Exoticism and colonialism go hand in hand: the dominating colonial forces are always in conflict with the Other, in part because they project onto the other all their own dark, repressed traits. Hence the natives get called "savages" or "primitives." They are technologically inferior to the colonizing paramilitary forces, certainly; on the other hand, the more complex the toy, the easier it is to break. Technological civilization has often been seen as the dominator, colonial force; and it has often been successfully resisted by the natives. There are echoes of the unhealthy US Cavalry incursions into First Nations geographical and conceptual space presented in the last act of Dances With Wolves. Again, these are mythic echoes, not literal quotes or references.

One plot-point the movie leaves open, at the end, when we see the lines of humans being force-marched into the space shuttle to be evacuated—or to be exiled from Paradise—is the tendency of large corporations, when the natives win a battle, to return later with overwhelming force. The British Empire was built very much by the British East India Tea Company, ruthless in their suppression of local uprisings that interfered with their profits.

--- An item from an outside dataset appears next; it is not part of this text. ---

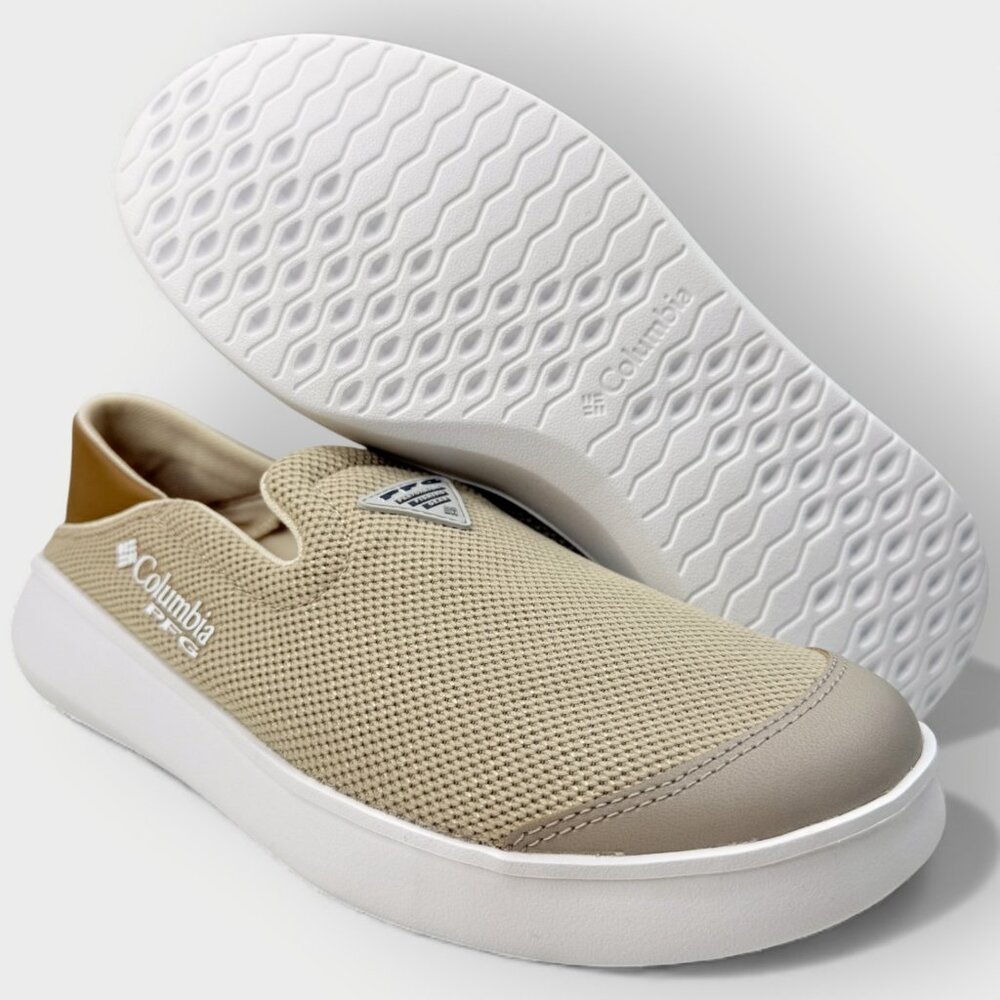 Columbia Men’s Boatside Vent PFG Boat Slip-On Shoes Canvas Tan Delta Size 8 - Picture 8 of 15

So Pandora remains a threatened Paradise, not a permanent one. A subtle nuance of the film is that there are no permanent Paradises: the Hometree is destroyed, a sacred site where the natives can connect with their ancestors via bonding with the ecosystem's neuro-fibers is also destroyed. An entire tribe is made homeless. We can only live in the moment, with the ones we have right now, today.

6.

I have no grand conclusive statements to make. no quick thumbs-up or thumbs-down recommendations (with all their subtle echoes of Nero's gladitorial coliseum). I leave other viewers to decide for themselves how well they enjoy the film. For myself, I thoroughly enjoyed watching the DVD, and expect to watch it again soon, picking up more subtle details that I missed the first time through.

James Cameron continues to make films I want to watch. As I said above, a case could be made for all of his films being mythic encounters with the Other—both the Other out there, the truly Other, and the Other we find within ourselves. The question as to which Other, the inner or the outer, is the more alien, lies at the heart of Cameron's films, as it does here in Avatar.